Harga Mahal Membaca Berkas Vonis Pasca Kasus Migor

Jurnalis Berita

By Jurnalis Berita

Di Jakarta, Mantan Ketua Pengadilan Negeri Jakarta Selatan, Muhammad Arif Nuryanto, kini berada dalam proses peradilan terkait kasus suap yang melibatkan vonis lepas dalam perkara pengurusan izin ekspor CPO (Crude Palm Oil) atau bahan minyak goreng (migor). Penyidik mengungkap adanya transaksi uang yang besar yang diklaim diterima hakim untuk “membaca berkas”.

Arif, yang saat kasus ini terjadi menjabat sebagai Wakil Ketua Pengadilan Negeri Jakarta Pusat, diduga menerima suap berjumlah Rp 40 miliar secara bersama-sama dengan beberapa tokoh lain, termasuk Wahyu Gunawan (panitera), Djuyamto (ketua majelis), Agam Syarief Baharudin, dan Ali Muhtarom (anggota majelis). Jaksa menuduh uang tersebut berupa uang dolar Amerika Serikat (USD) sebesar 2,5 juta dolar, setara dengan Rp 40 miliar.

Pada saat membacakan surat dakwaan di Pengadilan Tipikor Jakarta Pusat, jaksa menjelaskan bahwa uang tersebut berasal dari pengacara terdakwa korporasi minyak goreng, yaitu Ariyanto, Marcella Santoso, Junaedi Saibih, dan M Syafei. Korporasi yang terlibat dalam kasus ini adalah Wilmar Group, Permata Hijau Group, dan Musim Mas Group.

Jaksa mengemukakan bahwa uang tersebut diberikan untuk memengaruhi putusan majelis hakim agar menjatuhkan vonis lepas terhadap para terdakwa. Jaksa meyakini bahwa Arif melanggar beberapa pasal dalam UU Tipikor dan KUHP.

Pembagian uang suap tersebut meliputi dua kali penerimaan. Pertama, uang sebesar USD 500 ribu (Rp 8 miliar) dengan rincian penerimaan masing-masing pihak: Arif menerima Rp 3,3 miliar, Wahyu Gunawan Rp 800 juta, Djuyamto Rp 1,7 miliar, Agam Syarief Baharudin Rp 1,1 miliar, dan Ali Muhtarom Rp 1,1 miliar. Kedua, uang sebesar USD 2 juta (Rp 32 miliar) dengan rincian penerimaan masing-masing pihak: Arif Rp 12,4 miliar, Wahyu Gunawan Rp 1,6 miliar, Djuyamto Rp 7,8 miliar, Agam Syarief Baharudin Rp 5,1 miliar, dan Ali Muhtarom Rp 5,1 miliar.

Selain itu, jaksa juga mengungkap adanya “uang baca berkas” sebesar Rp 3,9 miliar.
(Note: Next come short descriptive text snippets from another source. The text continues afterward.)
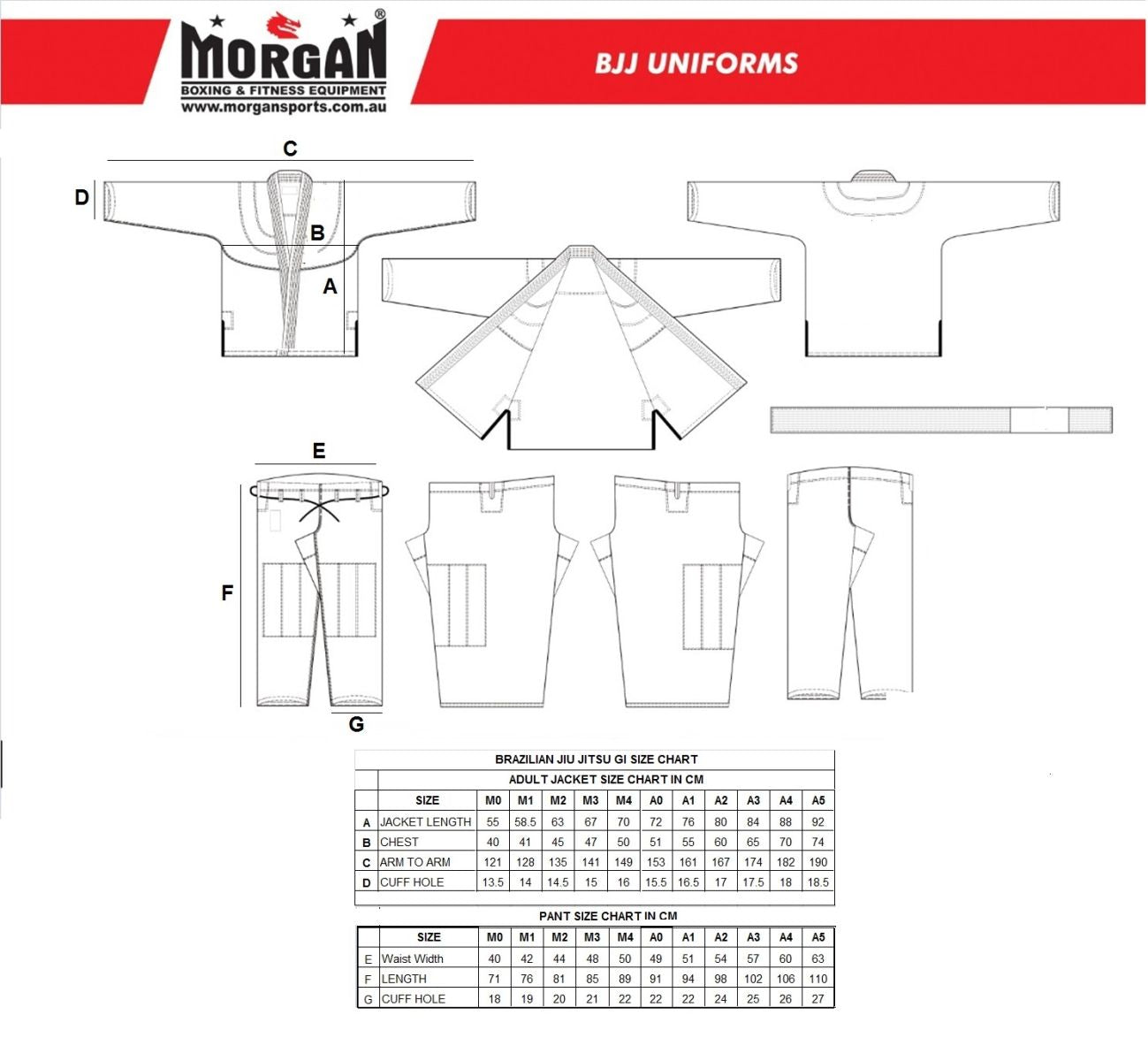 DRAGON V2 450GSM BJJ GI - IBJJF APPROVED (WHITE)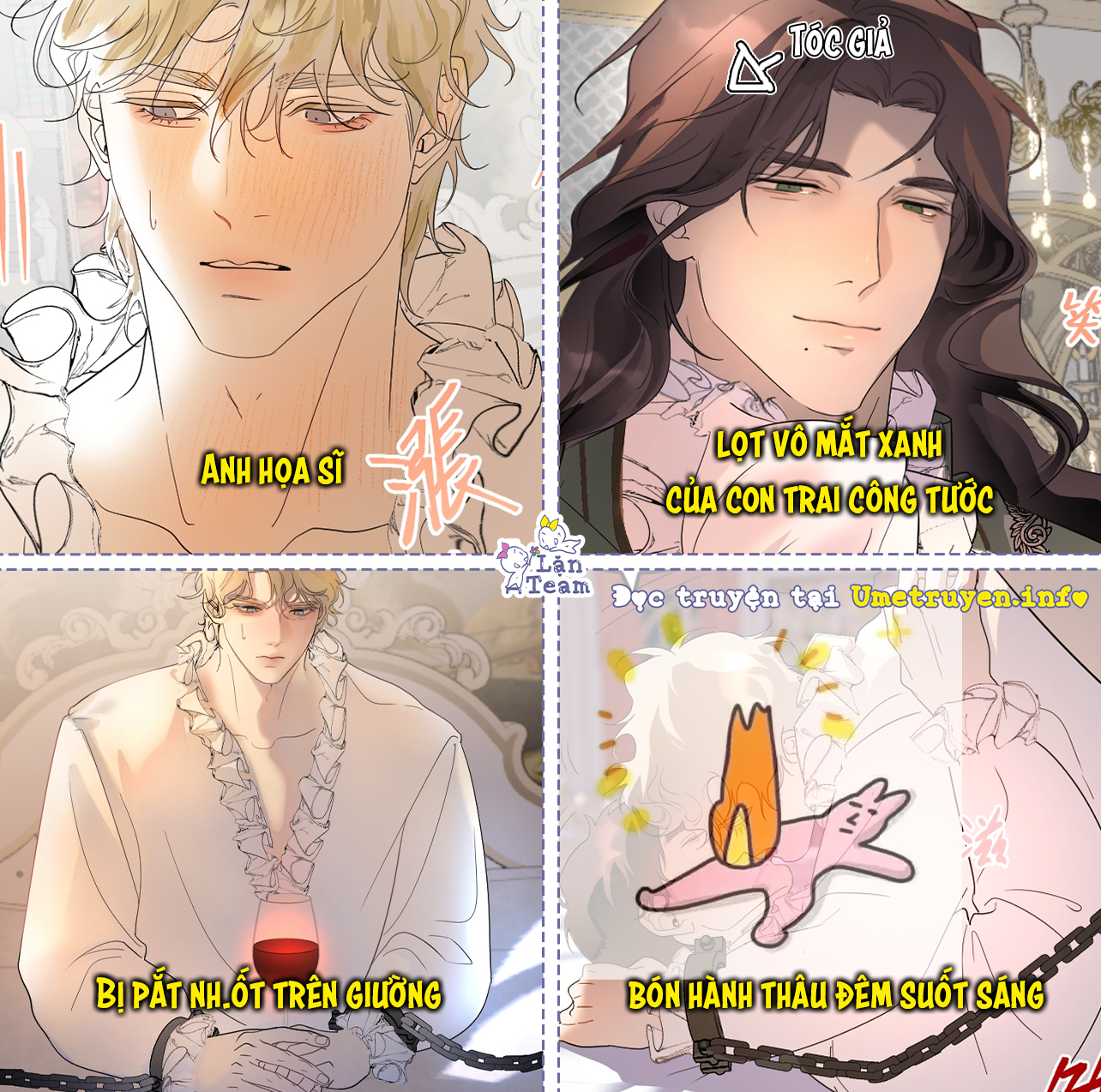 Kế Hoạch Tẩu Thoát Chapter 18 - Trang 3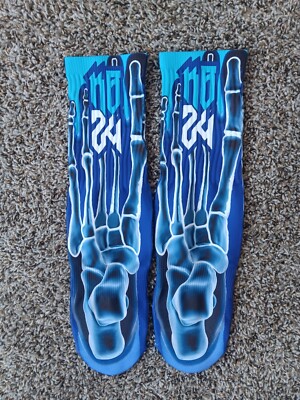 Kobe 5 protro X Ray Socks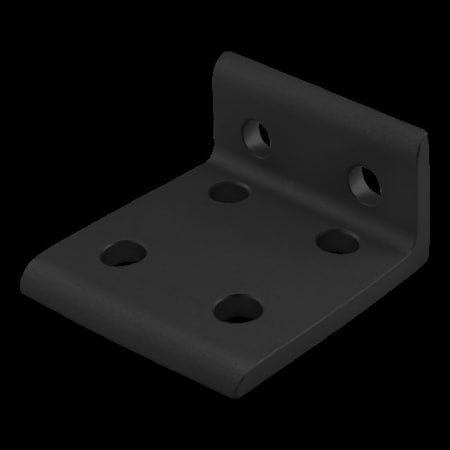 InsideCornerBracket, Alum, Blk, 25mm, 50mm MPN:25-4175-BLACK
Arif diperkirakan menyerahkan uang ini dalam bentuk goodie bag ke Djuyamto pada Juni 2024. Dalam goodie bag tersebut, uang tersebut dibagi kembali: Djuyamto menerima Rp 1,7 miliar, Agam dan Ali masing-masing Rp 1,1 miliar. Setelah menerima uang ini, Djuyamto mengarahkan Agam dan Ali untuk mempelajari putusan tertentu sebagai pertimbangan dalam putusan kasus korupsi korporasi migor.

Kejelasan dalam kasus ini memang menyoroti permasalahan serius dalam sistem peradilan. Kasus suap seperti ini tidak hanya merusak kepercayaan masyarakat terhadap lembaga peradilan, tetapi juga membuktikan bahwa integritas dan keadilan harus diutamakan. Kesimpulan yang bisa diambil, peradilan harus selalu bebas dari campur tangan aparat(json) yang melanggar etika profesi.